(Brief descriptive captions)
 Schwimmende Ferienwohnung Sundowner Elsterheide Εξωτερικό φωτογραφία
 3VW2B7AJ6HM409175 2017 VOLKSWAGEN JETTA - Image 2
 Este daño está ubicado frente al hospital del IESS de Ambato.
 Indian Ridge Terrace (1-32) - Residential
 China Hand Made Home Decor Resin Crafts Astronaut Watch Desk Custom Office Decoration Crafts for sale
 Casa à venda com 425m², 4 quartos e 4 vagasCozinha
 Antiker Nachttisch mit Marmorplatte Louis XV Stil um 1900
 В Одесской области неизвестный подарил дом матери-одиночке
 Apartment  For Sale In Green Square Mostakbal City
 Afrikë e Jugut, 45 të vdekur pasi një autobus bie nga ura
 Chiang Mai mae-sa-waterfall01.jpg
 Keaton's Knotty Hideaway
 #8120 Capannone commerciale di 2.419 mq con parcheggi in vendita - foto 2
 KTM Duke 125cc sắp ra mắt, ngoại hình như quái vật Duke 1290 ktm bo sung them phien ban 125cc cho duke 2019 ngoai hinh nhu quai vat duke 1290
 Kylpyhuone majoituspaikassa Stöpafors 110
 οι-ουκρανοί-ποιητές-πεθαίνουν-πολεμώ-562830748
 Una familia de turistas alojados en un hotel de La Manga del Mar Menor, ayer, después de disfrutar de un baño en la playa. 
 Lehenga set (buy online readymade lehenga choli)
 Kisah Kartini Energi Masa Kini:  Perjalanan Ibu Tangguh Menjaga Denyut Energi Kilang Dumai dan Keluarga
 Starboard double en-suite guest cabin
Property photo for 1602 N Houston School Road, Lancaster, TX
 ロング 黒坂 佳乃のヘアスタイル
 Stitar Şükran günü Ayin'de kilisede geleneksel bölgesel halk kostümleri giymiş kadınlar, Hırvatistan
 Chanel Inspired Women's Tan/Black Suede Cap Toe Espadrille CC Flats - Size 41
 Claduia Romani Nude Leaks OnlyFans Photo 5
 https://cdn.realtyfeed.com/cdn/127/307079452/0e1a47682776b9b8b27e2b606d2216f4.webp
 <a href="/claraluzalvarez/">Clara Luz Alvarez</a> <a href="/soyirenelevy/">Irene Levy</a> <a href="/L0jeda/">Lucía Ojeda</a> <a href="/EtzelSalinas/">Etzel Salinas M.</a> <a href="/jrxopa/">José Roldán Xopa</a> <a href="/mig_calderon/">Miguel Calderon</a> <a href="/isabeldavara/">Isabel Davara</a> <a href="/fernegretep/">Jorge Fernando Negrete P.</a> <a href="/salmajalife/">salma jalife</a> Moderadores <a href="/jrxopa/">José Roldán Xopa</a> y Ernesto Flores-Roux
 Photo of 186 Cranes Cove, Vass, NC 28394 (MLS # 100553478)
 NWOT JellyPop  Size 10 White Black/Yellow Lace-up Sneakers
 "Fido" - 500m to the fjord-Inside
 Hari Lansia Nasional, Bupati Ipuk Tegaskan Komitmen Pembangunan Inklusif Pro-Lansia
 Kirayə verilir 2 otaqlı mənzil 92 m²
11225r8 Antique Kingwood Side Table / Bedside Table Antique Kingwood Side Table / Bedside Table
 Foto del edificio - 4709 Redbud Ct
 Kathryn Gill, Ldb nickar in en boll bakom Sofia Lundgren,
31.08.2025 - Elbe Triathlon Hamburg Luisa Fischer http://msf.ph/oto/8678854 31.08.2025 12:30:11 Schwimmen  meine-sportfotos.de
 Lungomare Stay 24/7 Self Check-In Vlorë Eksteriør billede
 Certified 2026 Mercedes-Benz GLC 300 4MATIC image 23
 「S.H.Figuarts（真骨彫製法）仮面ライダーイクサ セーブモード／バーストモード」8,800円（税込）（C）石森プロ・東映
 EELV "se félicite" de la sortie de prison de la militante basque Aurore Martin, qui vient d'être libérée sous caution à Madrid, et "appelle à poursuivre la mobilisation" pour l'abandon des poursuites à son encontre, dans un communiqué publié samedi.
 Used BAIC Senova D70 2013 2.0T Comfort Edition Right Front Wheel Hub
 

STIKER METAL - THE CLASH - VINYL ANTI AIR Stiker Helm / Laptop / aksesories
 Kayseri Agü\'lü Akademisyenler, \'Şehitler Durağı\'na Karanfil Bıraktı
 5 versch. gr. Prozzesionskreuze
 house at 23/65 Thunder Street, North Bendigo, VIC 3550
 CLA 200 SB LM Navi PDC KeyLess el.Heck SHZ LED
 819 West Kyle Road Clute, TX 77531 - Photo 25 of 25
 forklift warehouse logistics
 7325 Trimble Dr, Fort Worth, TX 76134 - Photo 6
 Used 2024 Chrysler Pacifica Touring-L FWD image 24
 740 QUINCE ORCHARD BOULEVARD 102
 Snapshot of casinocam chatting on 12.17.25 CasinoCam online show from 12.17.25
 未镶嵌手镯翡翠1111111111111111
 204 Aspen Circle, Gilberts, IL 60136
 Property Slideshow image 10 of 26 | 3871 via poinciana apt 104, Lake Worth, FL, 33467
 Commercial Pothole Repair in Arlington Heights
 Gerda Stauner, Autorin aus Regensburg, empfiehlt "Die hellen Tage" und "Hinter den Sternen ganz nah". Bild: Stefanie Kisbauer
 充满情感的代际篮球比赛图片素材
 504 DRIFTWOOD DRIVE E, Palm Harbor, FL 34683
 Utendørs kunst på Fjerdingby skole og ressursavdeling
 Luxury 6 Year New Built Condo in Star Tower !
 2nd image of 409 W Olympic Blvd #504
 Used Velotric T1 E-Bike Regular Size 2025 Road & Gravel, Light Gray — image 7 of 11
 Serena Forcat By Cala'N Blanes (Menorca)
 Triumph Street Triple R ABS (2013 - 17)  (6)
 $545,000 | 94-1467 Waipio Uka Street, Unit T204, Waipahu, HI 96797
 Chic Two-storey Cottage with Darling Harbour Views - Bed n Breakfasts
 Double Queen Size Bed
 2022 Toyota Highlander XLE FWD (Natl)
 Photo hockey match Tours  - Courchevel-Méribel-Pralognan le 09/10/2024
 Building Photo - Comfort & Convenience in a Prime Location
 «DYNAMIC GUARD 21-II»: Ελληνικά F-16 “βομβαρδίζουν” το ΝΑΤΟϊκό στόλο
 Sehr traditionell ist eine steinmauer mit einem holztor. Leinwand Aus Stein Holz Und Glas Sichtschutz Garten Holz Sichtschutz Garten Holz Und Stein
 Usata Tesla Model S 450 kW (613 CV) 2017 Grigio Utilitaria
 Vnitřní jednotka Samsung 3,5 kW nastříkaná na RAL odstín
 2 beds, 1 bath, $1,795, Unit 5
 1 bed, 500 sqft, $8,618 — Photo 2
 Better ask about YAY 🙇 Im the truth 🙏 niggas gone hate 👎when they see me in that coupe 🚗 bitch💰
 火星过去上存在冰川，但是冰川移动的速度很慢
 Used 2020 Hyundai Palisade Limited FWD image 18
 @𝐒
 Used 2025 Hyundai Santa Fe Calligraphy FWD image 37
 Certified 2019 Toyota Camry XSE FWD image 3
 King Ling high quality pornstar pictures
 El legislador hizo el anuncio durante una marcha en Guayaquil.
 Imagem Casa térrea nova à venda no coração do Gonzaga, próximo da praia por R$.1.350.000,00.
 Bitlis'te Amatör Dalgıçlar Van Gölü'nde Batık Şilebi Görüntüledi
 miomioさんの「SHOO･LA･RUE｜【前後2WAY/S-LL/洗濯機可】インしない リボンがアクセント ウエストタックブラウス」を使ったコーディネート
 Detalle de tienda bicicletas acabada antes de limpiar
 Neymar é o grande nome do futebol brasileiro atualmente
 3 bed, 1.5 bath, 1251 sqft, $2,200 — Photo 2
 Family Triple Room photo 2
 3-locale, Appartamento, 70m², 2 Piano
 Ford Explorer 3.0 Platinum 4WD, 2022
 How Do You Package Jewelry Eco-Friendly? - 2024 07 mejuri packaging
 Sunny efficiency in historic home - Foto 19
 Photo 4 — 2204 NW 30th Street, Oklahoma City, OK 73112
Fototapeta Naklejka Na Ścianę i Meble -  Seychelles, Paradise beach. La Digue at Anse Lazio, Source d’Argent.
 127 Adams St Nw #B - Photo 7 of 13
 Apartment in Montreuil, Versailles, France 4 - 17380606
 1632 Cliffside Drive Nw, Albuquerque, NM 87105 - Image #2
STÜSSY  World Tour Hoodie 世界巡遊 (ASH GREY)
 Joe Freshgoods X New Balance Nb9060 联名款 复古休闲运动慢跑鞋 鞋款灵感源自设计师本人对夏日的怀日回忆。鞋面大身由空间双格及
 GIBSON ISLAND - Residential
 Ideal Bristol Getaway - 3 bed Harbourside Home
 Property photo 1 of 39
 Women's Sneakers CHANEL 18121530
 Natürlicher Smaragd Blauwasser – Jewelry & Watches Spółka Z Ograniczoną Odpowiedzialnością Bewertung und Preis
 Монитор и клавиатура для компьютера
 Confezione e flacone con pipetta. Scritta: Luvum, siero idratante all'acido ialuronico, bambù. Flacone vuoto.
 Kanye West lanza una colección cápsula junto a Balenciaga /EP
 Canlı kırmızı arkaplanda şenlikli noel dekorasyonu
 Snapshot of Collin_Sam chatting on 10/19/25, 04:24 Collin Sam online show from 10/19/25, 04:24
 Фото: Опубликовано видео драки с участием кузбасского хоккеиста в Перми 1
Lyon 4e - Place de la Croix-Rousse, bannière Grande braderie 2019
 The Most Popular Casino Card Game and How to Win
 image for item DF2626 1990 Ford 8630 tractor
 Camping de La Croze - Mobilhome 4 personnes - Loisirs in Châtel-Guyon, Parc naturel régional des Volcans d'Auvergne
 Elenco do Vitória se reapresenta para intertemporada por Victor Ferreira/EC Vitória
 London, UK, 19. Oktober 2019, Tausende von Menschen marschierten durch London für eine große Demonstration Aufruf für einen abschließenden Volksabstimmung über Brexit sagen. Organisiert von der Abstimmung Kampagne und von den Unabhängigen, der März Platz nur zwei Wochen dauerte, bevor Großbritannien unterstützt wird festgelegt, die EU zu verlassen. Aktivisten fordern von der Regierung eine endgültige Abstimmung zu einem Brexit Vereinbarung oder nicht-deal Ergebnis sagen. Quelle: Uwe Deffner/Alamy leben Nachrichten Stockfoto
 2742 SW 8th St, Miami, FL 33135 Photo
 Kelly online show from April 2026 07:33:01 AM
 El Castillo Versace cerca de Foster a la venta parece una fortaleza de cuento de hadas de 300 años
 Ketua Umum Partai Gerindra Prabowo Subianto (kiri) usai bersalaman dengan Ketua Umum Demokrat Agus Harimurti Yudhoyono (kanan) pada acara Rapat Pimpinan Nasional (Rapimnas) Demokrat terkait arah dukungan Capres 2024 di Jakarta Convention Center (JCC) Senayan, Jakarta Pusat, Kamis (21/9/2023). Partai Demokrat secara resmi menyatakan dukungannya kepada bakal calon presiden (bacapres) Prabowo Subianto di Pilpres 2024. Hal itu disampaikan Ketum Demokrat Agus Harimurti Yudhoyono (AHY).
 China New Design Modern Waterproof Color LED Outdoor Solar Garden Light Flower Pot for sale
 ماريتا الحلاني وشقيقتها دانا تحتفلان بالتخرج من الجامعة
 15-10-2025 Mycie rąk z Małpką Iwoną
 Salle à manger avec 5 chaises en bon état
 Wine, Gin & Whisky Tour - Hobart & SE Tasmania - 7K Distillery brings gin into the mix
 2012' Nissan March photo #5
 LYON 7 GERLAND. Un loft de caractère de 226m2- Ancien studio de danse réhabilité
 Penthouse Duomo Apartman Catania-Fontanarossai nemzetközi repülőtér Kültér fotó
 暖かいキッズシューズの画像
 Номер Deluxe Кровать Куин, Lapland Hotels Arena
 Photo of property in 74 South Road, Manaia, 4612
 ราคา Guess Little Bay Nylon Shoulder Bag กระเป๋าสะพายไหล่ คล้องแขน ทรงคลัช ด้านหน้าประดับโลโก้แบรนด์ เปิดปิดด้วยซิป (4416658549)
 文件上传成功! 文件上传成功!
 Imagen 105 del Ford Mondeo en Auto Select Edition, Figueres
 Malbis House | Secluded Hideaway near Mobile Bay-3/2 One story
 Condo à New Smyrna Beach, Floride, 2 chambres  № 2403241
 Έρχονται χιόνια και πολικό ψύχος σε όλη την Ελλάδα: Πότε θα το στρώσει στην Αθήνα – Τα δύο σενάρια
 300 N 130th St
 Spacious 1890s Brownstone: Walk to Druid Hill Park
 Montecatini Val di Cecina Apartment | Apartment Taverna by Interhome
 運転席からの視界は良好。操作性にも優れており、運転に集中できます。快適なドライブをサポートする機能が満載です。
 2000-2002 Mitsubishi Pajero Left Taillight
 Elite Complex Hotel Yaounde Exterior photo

_TASK ITEM:_ A single number is expected: how many lines in the entries above hold the word "sqft".

_ANSWER TO THIS EXERCISE:_ 2